» Your task
The exercise calls for exact output of the lines between the one that contains "Personalized Pens Bulk" and the end of the data, with both ends kept and pictures left out.

» Given information
● ● ● ● ●

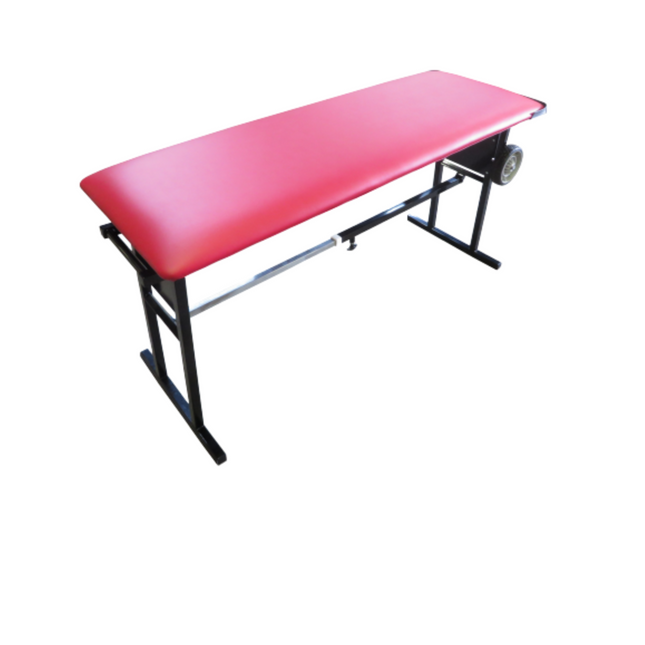Bailey MATT® Portable Sideline Treatment Table front view with 7″ caster wheels and team upholstery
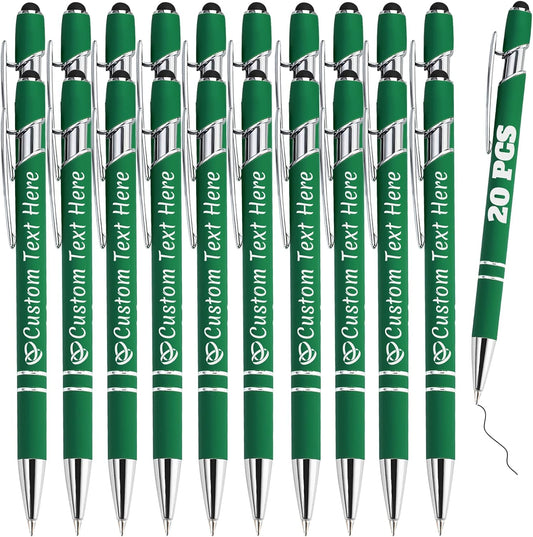 Personalized Pens Bulk 20 with Name Custom Engraving Ballpoint Pens with Stylus Tip Customized Smooth Writing Pens Personalized Gifts for Anniversary Birthday or Graduation(Dark Green,Black Ink)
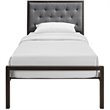 Modway Mia Twin Powder-coated Steel and Fabric Bed in Brown/Gray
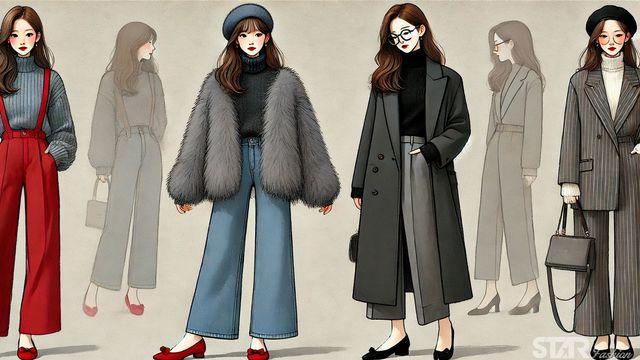 블랙 롱코트 VS 에코 퍼 재킷, 데님으로 완성하는 FW 스타일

● ● ● ● ●

» Task answer
 Personalized Pens Bulk 20 with Name Custom Engraving Ballpoint Pens with Stylus Tip Customized Smooth Writing Pens Personalized Gifts for Anniversary Birthday or Graduation(Dark Green,Black Ink)
 Modway Mia Twin Powder-coated Steel and Fabric Bed in Brown/Gray
 블랙 롱코트 VS 에코 퍼 재킷, 데님으로 완성하는 FW 스타일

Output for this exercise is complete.